Contact your local municipal shelter, local Rescue group’s & especially trying to find out about any local feral colony caretakers in your area as your cat might have found its way to a local colony for a food source. Many local neighbors might also be feeding feral cats, so be sure to ask your neighbors about if they are doing so, to keep an eye out for a new-commer’s.
I’m sure that some of this could be out of order, or could be condensed etc. I hope any of this could he helpful to be included in a follow-up article on finding a lost cat.
I’ve trained my dogs to not run out the door, but to be honest never did that with my cats. Instead I would yell at my husband if he stood with the door open! I guess these tips are a better plan. Great post.
I sure could have used this back in the day when I had a major door darting cat! He was always escaping.
Golden Daily Scoop says
Our kitty luckily isn’t a door darter but the Goldens on the other hand is a different story. lol
We have had a few door darters in our time. Once one of our females got out and waited in the shrubs til we came to rescue her, to this day we are still not sure how she slithered out.
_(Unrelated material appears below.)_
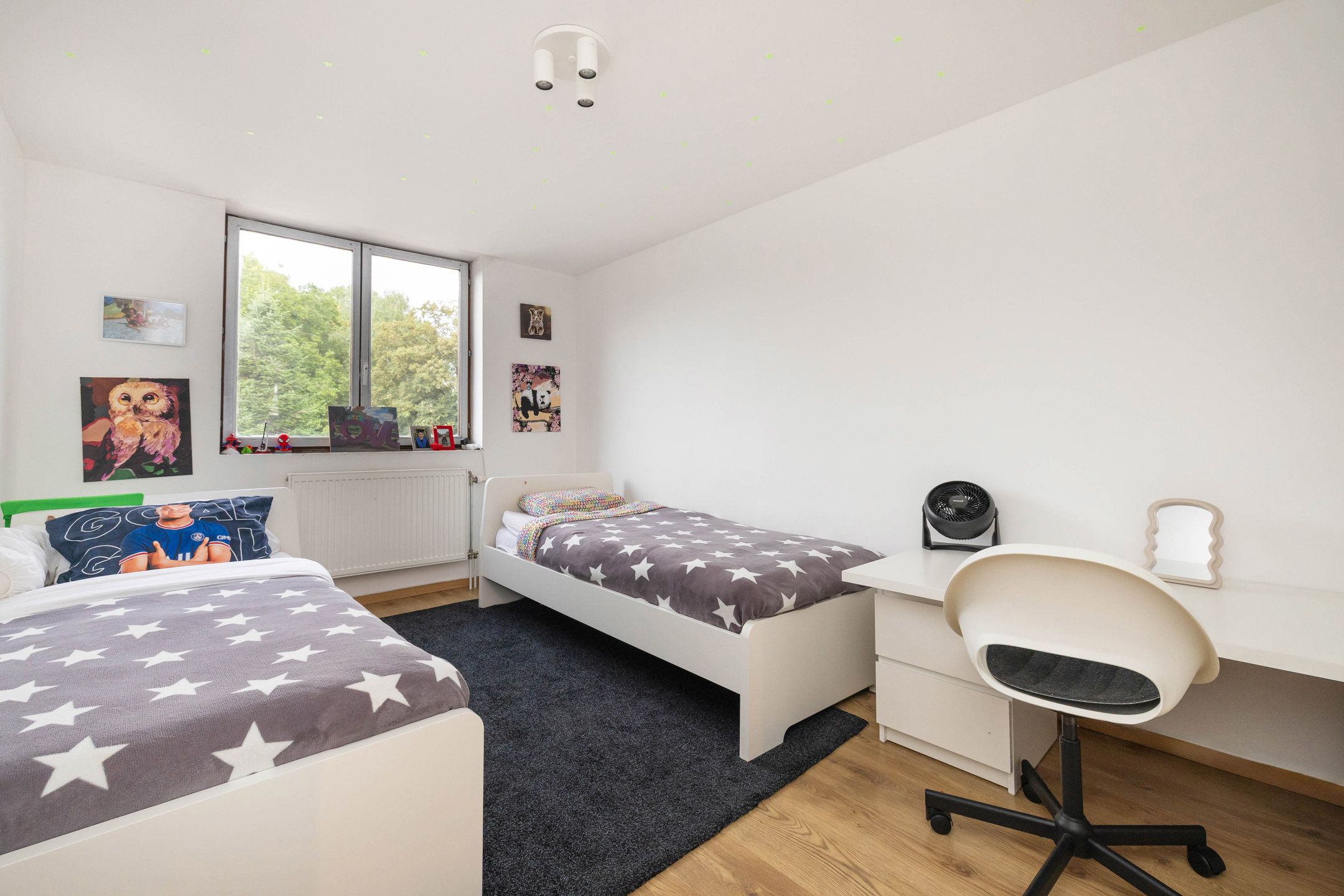 Woning van ± 150 m² met atelier/opslagruimte van ± 100 m² foto 10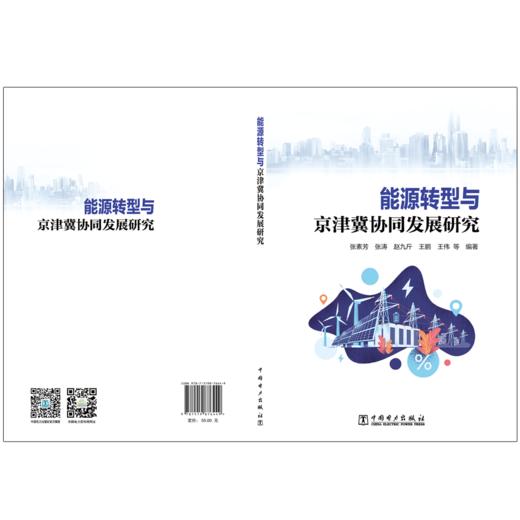 能源转型与京津冀协同发展研究 商品图2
Great info and tips! Yes, this is one of my worst nightmares! Luckily, I haven’t really had to worry about this much though. But I am always very aware when I come and go — and I always stress to cat sitters to watch the door, too.
Excellent post. I am lucky that the only door darter is Joanie and she only darts into the kitchen from the living room.
We aren’t door darters, much to my human’s relief, but we certainly wouldn’t hesitate to wander outside if we had the opportunity, even if that meant pawing open a door that was just the slightest bit ajar. So my human is very careful about making sure we are not near any doors when humans are coming in or out.